City Council of Saginaw, Michigan

Personal details
- Born: Gary L. Loster 1945 or 1946 (age 79–80)
- Party: Democratic
- Spouse: Allene Lostor
- Occupation: Businessman

= Gary L. Loster =

American politician

Gary L. Loster (born 1945/1946) is an American politician who served as the fourth African-American mayor of Saginaw, Michigan and the first mayor to serve four terms.

==Biography==
He earned a B.A. in Criminal Justice from Saginaw Valley State University and a M.A., with honors, in Applied Science from Michigan State University. Lostor serve in the U.S. Marine Corps during the Vietnam War. He was employed as a police officer with the Buena Vista Charter Township, Michigan Police Department eventually becoming the Chief of Police. He then went to the private sector working as Director of Fire Safety & Security for Delphi Saginaw Steering Systems, a subsidiary of General Motors. On November 8, 1993, he was elected as mayor of the city of Saginaw succeeding Henry H. Nickleberry. He was re-elected three more times, the first mayor to serve 4 terms since the 1936 charter. One of his early focuses was to overhaul the police department after complaints from residents over lack of service and racism after two white officers were relieved of duty for abusing a Black teenager. He also established a gang task force and promoted the use of prisoner work crews to clean the city.

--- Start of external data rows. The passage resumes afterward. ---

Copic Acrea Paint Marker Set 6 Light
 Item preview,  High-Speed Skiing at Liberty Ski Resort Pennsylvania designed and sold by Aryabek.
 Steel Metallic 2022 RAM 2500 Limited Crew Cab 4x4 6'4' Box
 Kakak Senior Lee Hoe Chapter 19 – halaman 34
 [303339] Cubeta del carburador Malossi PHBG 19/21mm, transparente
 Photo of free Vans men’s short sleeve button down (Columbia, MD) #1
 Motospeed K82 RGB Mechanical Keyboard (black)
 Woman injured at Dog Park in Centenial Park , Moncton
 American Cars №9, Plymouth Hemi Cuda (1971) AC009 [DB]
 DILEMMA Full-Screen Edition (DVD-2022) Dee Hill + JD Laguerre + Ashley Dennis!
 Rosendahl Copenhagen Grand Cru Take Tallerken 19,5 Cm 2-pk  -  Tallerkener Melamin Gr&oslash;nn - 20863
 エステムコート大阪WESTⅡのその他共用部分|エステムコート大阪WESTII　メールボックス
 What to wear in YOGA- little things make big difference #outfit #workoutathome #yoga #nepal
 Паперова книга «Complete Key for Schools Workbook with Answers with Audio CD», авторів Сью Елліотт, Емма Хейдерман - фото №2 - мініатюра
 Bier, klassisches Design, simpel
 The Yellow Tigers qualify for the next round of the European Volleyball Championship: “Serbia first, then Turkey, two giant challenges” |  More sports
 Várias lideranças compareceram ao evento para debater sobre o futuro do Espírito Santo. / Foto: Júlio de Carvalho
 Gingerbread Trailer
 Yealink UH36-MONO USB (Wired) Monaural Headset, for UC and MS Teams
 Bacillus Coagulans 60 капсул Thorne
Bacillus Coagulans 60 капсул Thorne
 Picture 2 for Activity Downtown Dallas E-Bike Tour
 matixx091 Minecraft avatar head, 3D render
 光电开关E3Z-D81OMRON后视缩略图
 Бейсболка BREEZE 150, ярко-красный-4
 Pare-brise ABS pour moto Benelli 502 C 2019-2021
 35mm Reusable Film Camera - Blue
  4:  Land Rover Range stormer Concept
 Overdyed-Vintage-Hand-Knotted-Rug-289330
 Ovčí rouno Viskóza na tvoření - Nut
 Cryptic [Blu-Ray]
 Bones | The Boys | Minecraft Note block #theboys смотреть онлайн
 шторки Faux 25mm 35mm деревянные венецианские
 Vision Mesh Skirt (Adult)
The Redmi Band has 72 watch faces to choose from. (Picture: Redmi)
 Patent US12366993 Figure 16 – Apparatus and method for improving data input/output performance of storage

Lostor served as mayor when the City Council was majority-Black and with its white minority often in opposition.

in 1996, he was criticized for taking a trip to Nigeria with a group of Michigan mayors (Linsey Porter of Highland Park, Walter Moore of Pontiac, Robert Warren of Muskegon Heights, and Sondra Mose Ursery of Vandalia) despite its dismal human rights record.

In 1999, he protested the shipment of plutonium that was to pass through Saginaw on its way to Canada.

In 1999, he was named as the president of the World Conference of Mayors. a 6,000-member organization based in Tuskegee, Alabama dedicated to fighting the AIDS epidemic and promoting debt relief for third-world countries.

==Personal life==
He is married to Allene Lostor.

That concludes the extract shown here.